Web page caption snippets

——————————

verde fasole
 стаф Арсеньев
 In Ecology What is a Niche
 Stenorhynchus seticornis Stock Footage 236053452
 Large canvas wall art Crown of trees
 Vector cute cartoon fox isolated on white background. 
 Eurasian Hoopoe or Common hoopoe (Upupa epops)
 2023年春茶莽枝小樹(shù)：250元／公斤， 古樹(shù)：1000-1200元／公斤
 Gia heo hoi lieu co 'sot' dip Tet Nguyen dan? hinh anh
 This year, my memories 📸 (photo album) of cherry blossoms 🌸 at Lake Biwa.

——————————

WHAT THE TASK ASKS
Exactly as shown above, return all of the entries.

EXERCISE RESULT
verde fasole
 стаф Арсеньев
 In Ecology What is a Niche
 Stenorhynchus seticornis Stock Footage 236053452
 Large canvas wall art Crown of trees
 Vector cute cartoon fox isolated on white background. 
 Eurasian Hoopoe or Common hoopoe (Upupa epops)
 2023年春茶莽枝小樹(shù)：250元／公斤， 古樹(shù)：1000-1200元／公斤
 Gia heo hoi lieu co 'sot' dip Tet Nguyen dan? hinh anh
 This year, my memories 📸 (photo album) of cherry blossoms 🌸 at Lake Biwa.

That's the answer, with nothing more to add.